# Can I still save my marriage? Wife wants separation.



## OfcDW

I have been with my wife for 10 years and 22 days. We have been married for 4 months and 18 days. For the past 4 weeks I've been living a nightmare, since the day my wife told me she wants to leave and separate from me which was January 25th.

The night before her breaking the news we got into an argument, no different from any other time we have a disagreement so I thought it would blow over but the following day she did not come home from work, she drove two hours to her fathers house and refused to talk to me whether over the phone or in person. Later on that night she came home and things seemed to have calmed down. She was understandably upset but I felt like it was nothing a little time and space could not mend. I would soon learn how serve it was and still remains. 

A little back story. My wife and I meant when we were teenagers and were together for 9 years and 8 months before we got married. During those 9 years leading up to the marriage we had our share of ups and downs...more bad times than good, so it seems. When we first met and started to "date" neither one of us knew what true love was nor have we been in a past relationship that was considered serious. over time we became more than just boyfriend and girlfriend we became best friends. We had so much in common that we just seemed like the perfect match. As timed progressed things started to get shaky between us. I began to develop insecurities about our relationship which resulted in me exhibiting controlling behavior. I did not know this then, the things I said and did was considered "controlling" but at the same time she had never given any indication she felt "controlled." About our 4 year mark in our relationship I had started to develop some anger issues. I would complain about everything it seemed. If things were going good I would find something to complain about. If something other than her upset me, I would still take it out on her. This type of behavior consumed me to the point where it just became natural to pick her apart mentally and then built her back up only to knock her back down again. This continued on for so long, actually all the way up till 4 months into our marriage. Don't get me wrong, we still had great days and share so many great memories but I always found a way to show a dark side of things. 

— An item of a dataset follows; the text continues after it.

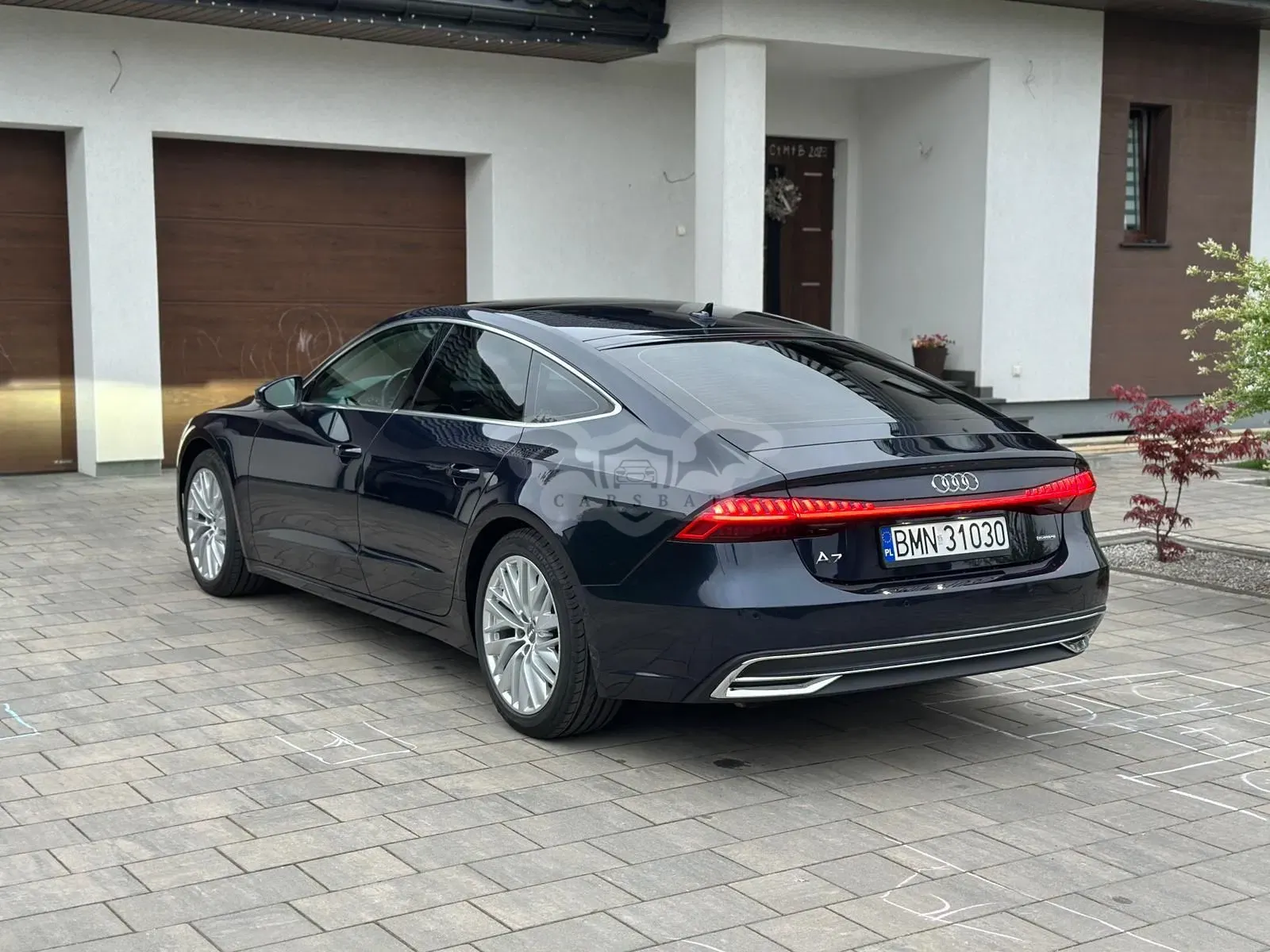 Audi A7 4K8 55 TFSI Quattro S tronic 2019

There were times when she did tell me how terrible I made her feel and the stress I cause but I was so blinded by this twisted state of mind I was in that I did not care to listen and at times even suggested she just leave if she did not like the way things were. She would stay and we would just carry on living our lives hoping for better days. I can't say I did not ever stop and think about how much of a jerk I was, and I would hate myself for it and feel so bad that I would go to her and apologize but unfortunately the next day I would do it all over again. 

She was always and still is the love of my life and so we eventually got married. Shortly after our marriage we bought a home together. We were so happy and proud of ourselves knowing how far we have come together in order to achieve this dream. We overcame hardships, deaths in our families, career changes and just stress everyday life brings. We shared something special. 

So...she comes home and tells me she wants to separate. At first I did not think she was serious but just upset but after a few days of her shutting me out I realized this is serious. Communicated between started to fail. She told me she was not happy anymore. That she loved me but was no longer in love with me. That she realized that I would never change and this is what she had to look forward to in life. She did explain how I made her feel and how she could never subject herself to such pain again. Since she was keeping her distance and was not giving in, I had a lot of time to think about the past and the more I thought about somethings I may have said or did to her I became literally sick to my stomach. Reality had just hit me in the gut, that I am going to lose the love of my life. 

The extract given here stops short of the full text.